Nicht verbilligen, sondern verteuern
Aber das Besondere an diesem Apple-Nachkauf ist nicht unbedingt das Volumen, sondern eher der Zeitpunkt. Denn Buffett hat das gemacht, vor dem sich „normale“ Anleger scheuen: Er hat zu deutlich höheren Kursen eine Position aufgestockt. Die ersten Apple-Aktien hatte Buffett vor gut einem Jahr zu Kursen um 90 Dollar gekauft, also aus heutiger Sicht zu absoluten Schnäppchenpreisen. Die jetzige Aufstockung dürfte zu Kursen um 130 Dollar erfolgt sein, also rund 40 Prozent höher. Aktuell notiert Apple bei 155 Dollar nochmals ein ganzes Stück höher und Buffett hat einmal mehr alles richtig gemacht.
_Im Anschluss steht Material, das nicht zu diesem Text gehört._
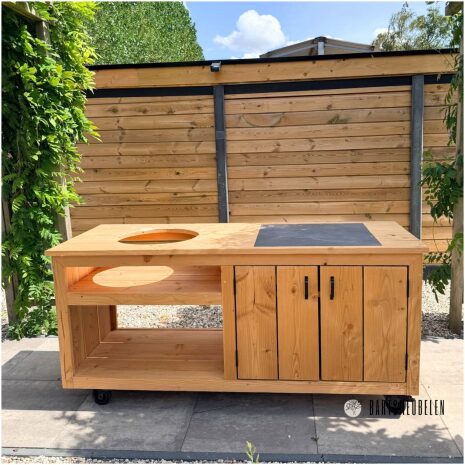 Kamado tafel Douglas 180 cm voor Compact kamado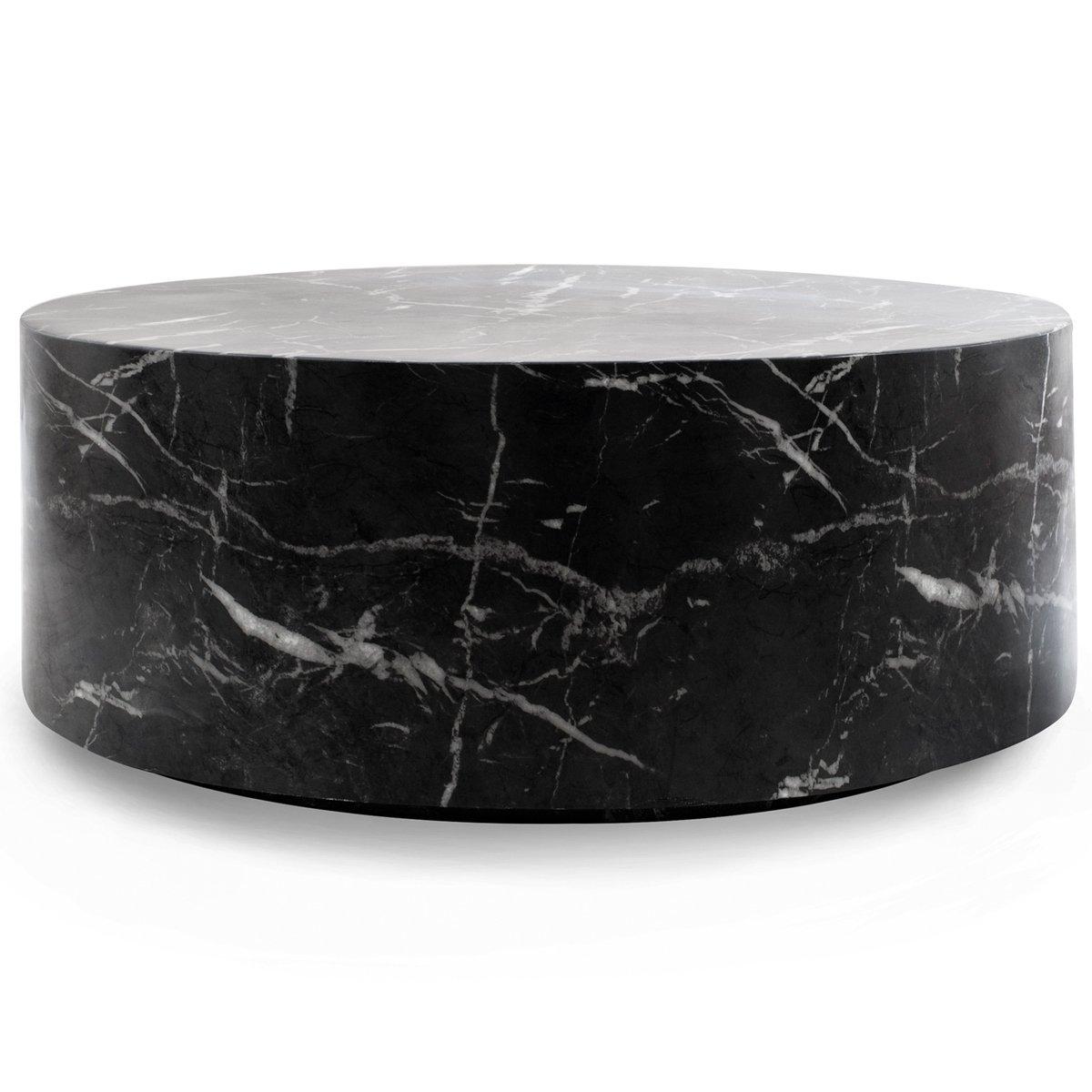 black marble round coffee table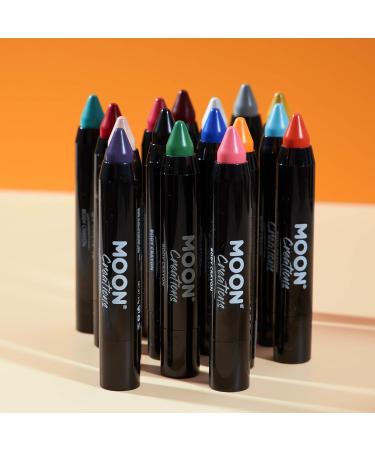 Moon Creations Sweatproof Face Color - 3.2g Green for Costumes Festivals & Halloween | Vegan & Cruelty-Free - Buy Online on SooperMarket.com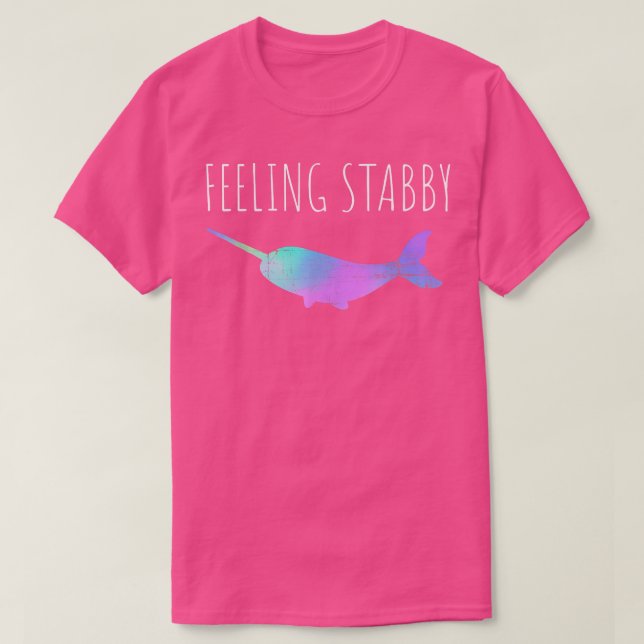 Tshirt Narwhal, Feed Stabby Drôle Narwhal (Design devant)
Während ein „normaler“ Anleger bei einem Gewinn von 40 Prozent durchaus daran denken würde, zumindest einen Teil der Position zu verkaufen hat Buffett zu deutlich höheren Kursen, ja sogar zu Rekordkursen, nachgekauft. Und genau das ist der Unterschied zu weniger erfolgreichen Anlegern, die Aktien zumeist nur dann nachkaufen, wenn die Kurse gefallen sind. So verbilligen sie ihren Einstiegskurs und erhoffen sich gleichzeitig eine höhere Gewinnchance. Aber mit „Hoffen“ lässt sich an der Börse nur schwerlich Geld verdienen.
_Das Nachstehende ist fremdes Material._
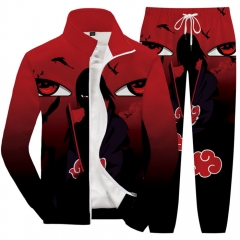 3 Styles Naruto Anime Zipper Hoodie+Pants Set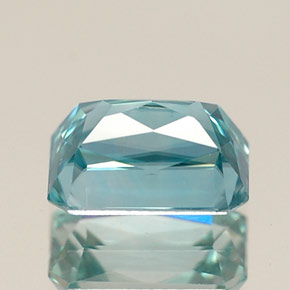1,57 ctw natürlicher blauer Zirkon, Smaragdschliff, VVS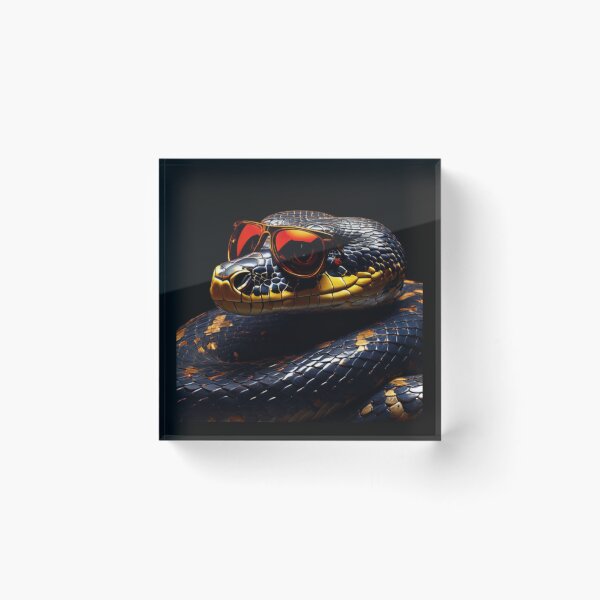 Item preview, Snake in Sunglasses designed and sold by Planetporridge.
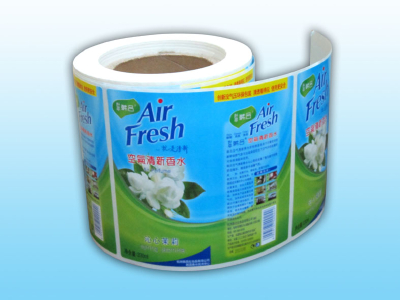 Air fresh perfume label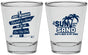 Personalized Wedding Shot Glasses - Sun Sand Drink In My Hand | 416
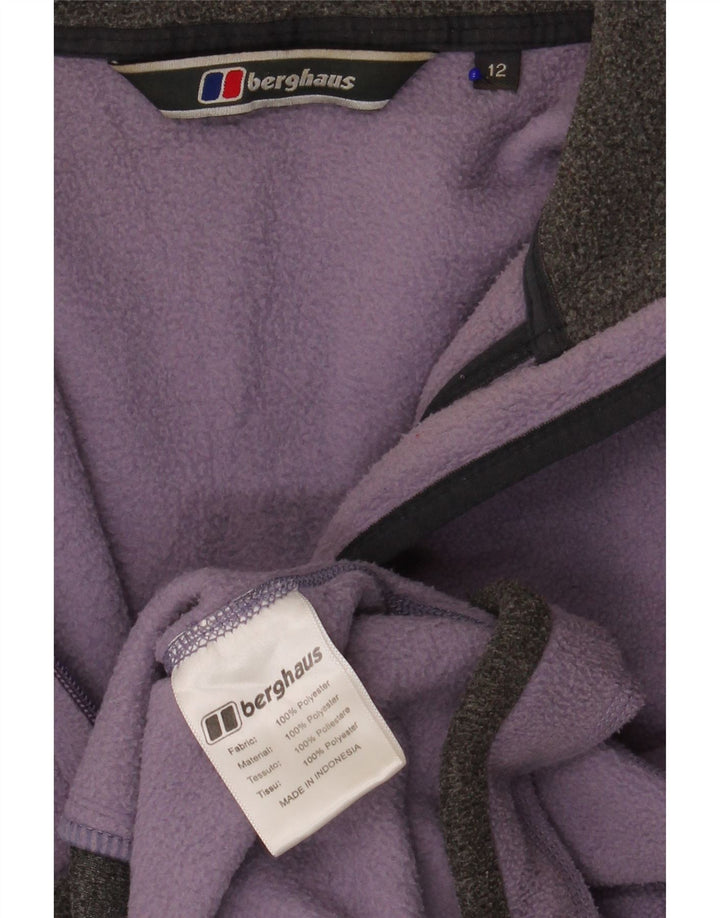 Jachetă fleece pentru femei Berghaus UK 12 Mov mediu Poliester color bloc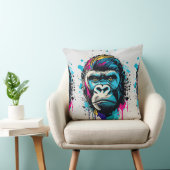 Gorilla Head - Gorilla Sierkussen Kleurrijk (Stoel)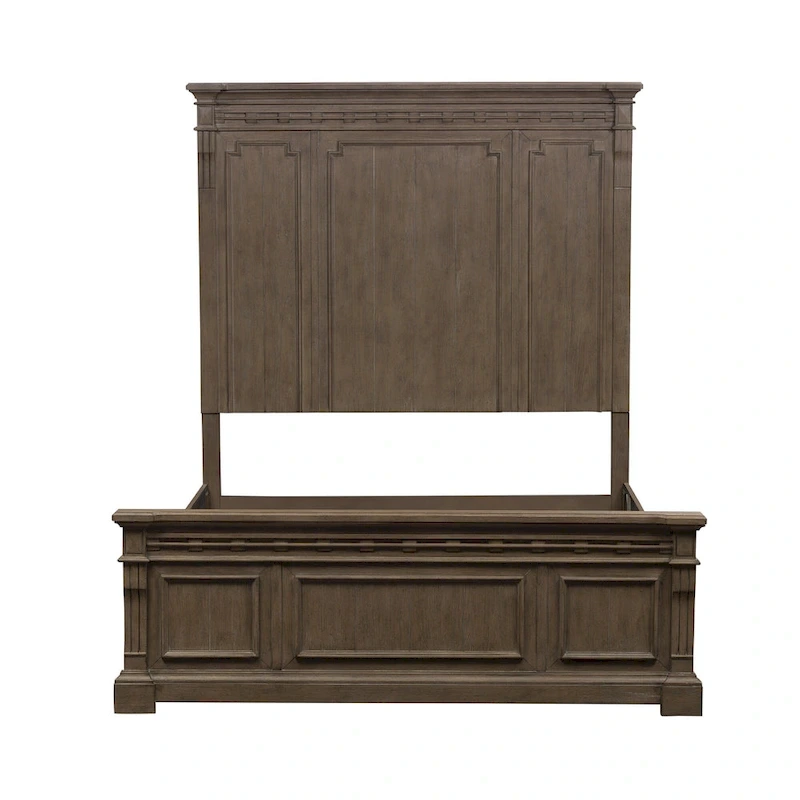 Town & Country Dusty Taupe Panel Bed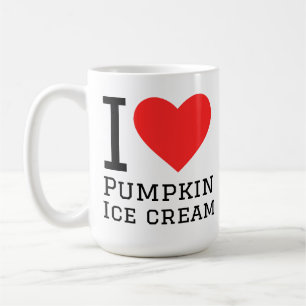 I love pumpkin ice cream coffee mug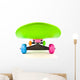 Colorful skateboard isolated on white Wall Decal
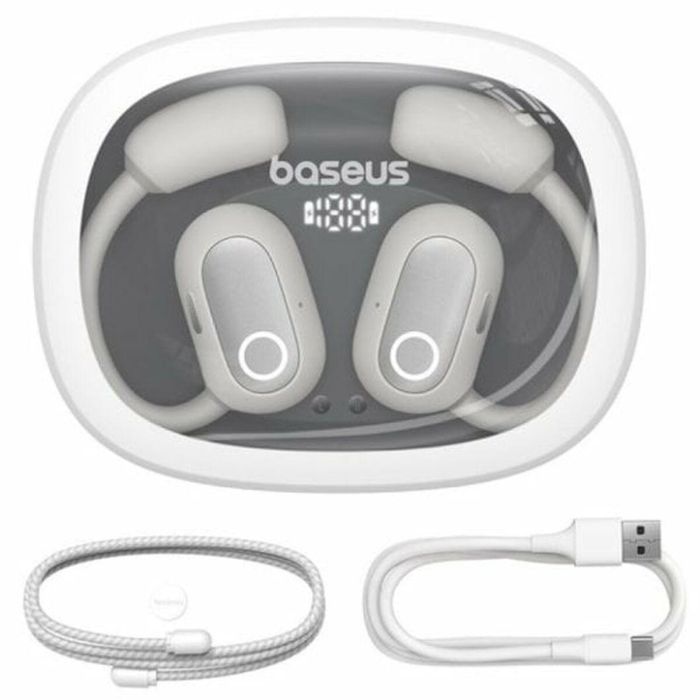 Auriculares con Micrófono Baseus Blanco 2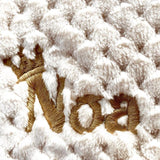 Cocole (Beige) Personalised Microfibre Soft Baby Blanket - Cozy Crew Club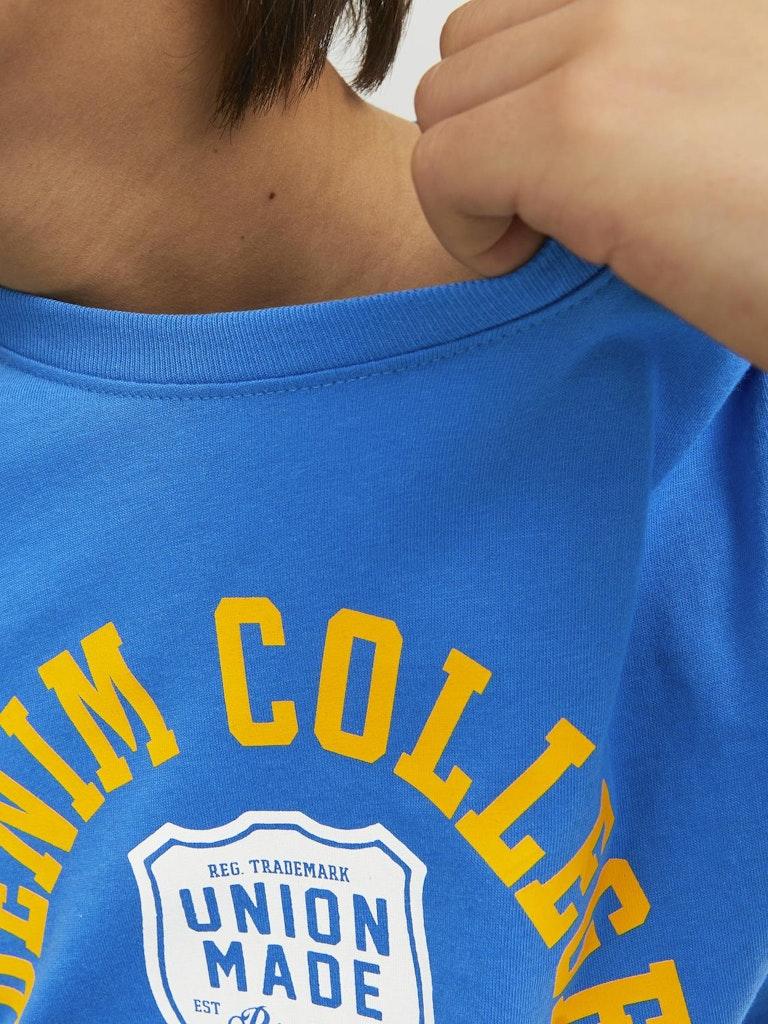Jack & Jones Jungen T-Shirt JJELOGO TEE SS O-NECK 2COL AW22 NOOS JNR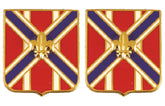 111th Field Artillery Distinctive Unit Insignia - Pair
Nicht hoffen, sondern wissen
Buffett hofft nicht, sondern er weiß. Er weiß, dass sich Apple in den vergangenen Monaten sehr gut entwickelt hat und dass es insofern nur folgerichtig war, dass sich auch der Kurs der Aktie verteuert hat. Und genau das war ja auch seine Motivation beim Kauf der ersten Apple-Position vor einem Jahr: Die Erwartung steigender Aktienkurse. Warum sollte ihn die Erfüllung seiner eigenen Erwartung davon abhalten, noch mehr Aktien zu kaufen?
Wäre die Apple-Aktie in den zurückliegenden Monaten nicht gestiegen oder sogar gefallen hätte Buffett mit sehr hoher Wahrscheinlichkeit nicht nachgekauft, er hätte vielleicht sogar verkauft. So wie jetzt erneut bei IBM. Die Aktie entwickelt sich in diesem Jahr schon wieder sehr unterdurchschnittlich und ist einer der wenigen Verlierer-Aktien im Dow Jones. Buffett hat trotzdem – oder vielmehr gerade deswegen – seinen Bestand weiter abgebaut.
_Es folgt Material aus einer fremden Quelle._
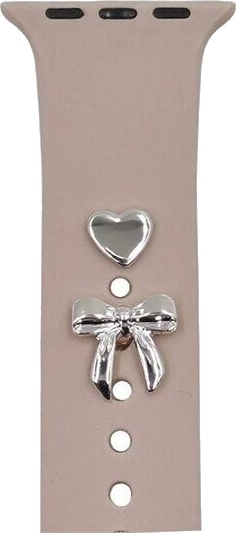 Pin Charms-klokkearmbånd til smartklokke Sølv Pin Charms-klokkearmbånd til smartklokke Sølv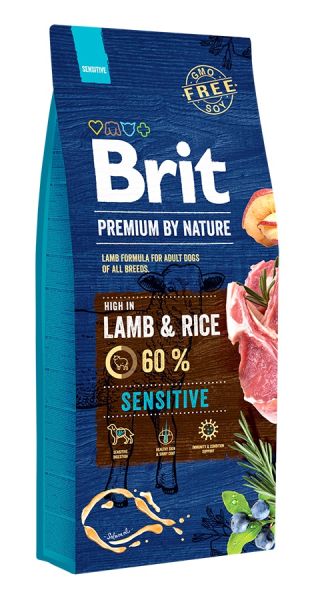 BRIT Premium By Nature Sensitive Lamb and rice 15 kg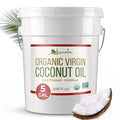 Kevala Organic Coconut Oil - Great in High-Heat Cooking and Baking for Homes and Foodservice Natural and Fresh Coconut Flavor that Complements Recipes from Many Cultures Bulk Size for Bakeries 5 gal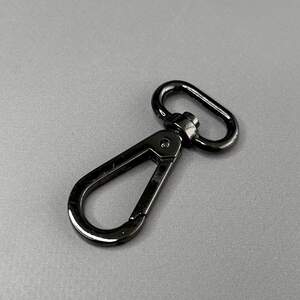 Карабин для сумки 20 мм, темный никель - 5,5 см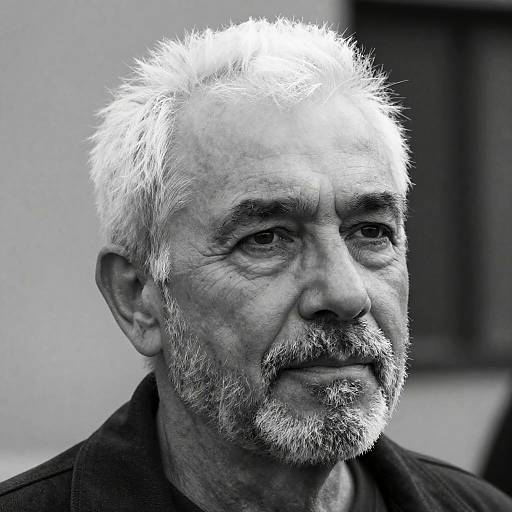 Close-Up Black-and-White Portrait Photography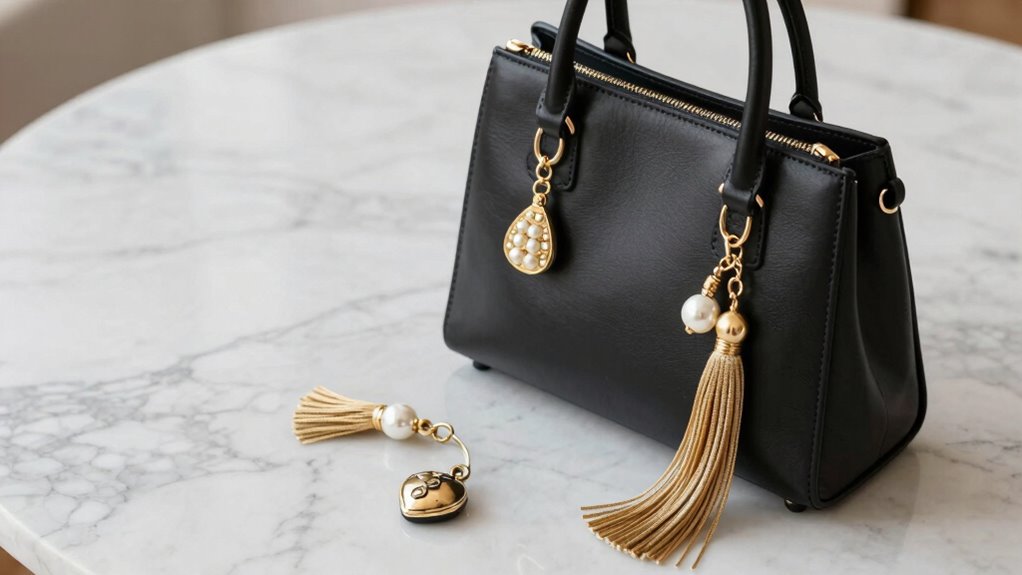 harmonious elegant accessory placement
Buffet befolgt Börsenweisheit
Während normale Anleger geneigt sind, bei steigenden Kursen zu verkaufen und bei fallenden zu kaufen, macht Buffett exakt das Gegenteil. Und damit macht er eigentlich nur dass, was eine vielzitierte aber wenig beachtete Börsenweisheit propagiert: Gewinne laufen lassen, Verluste begrenzen. Natürlich ist die Befolgung dieser Regel nur ein Teil des Erfolgs von Warren Buffett, aber sicherlich kein unbedeutender. Und umsetzen kann sie jeder – aber es ist eben – weitaus – schwieriger als es sich anhört.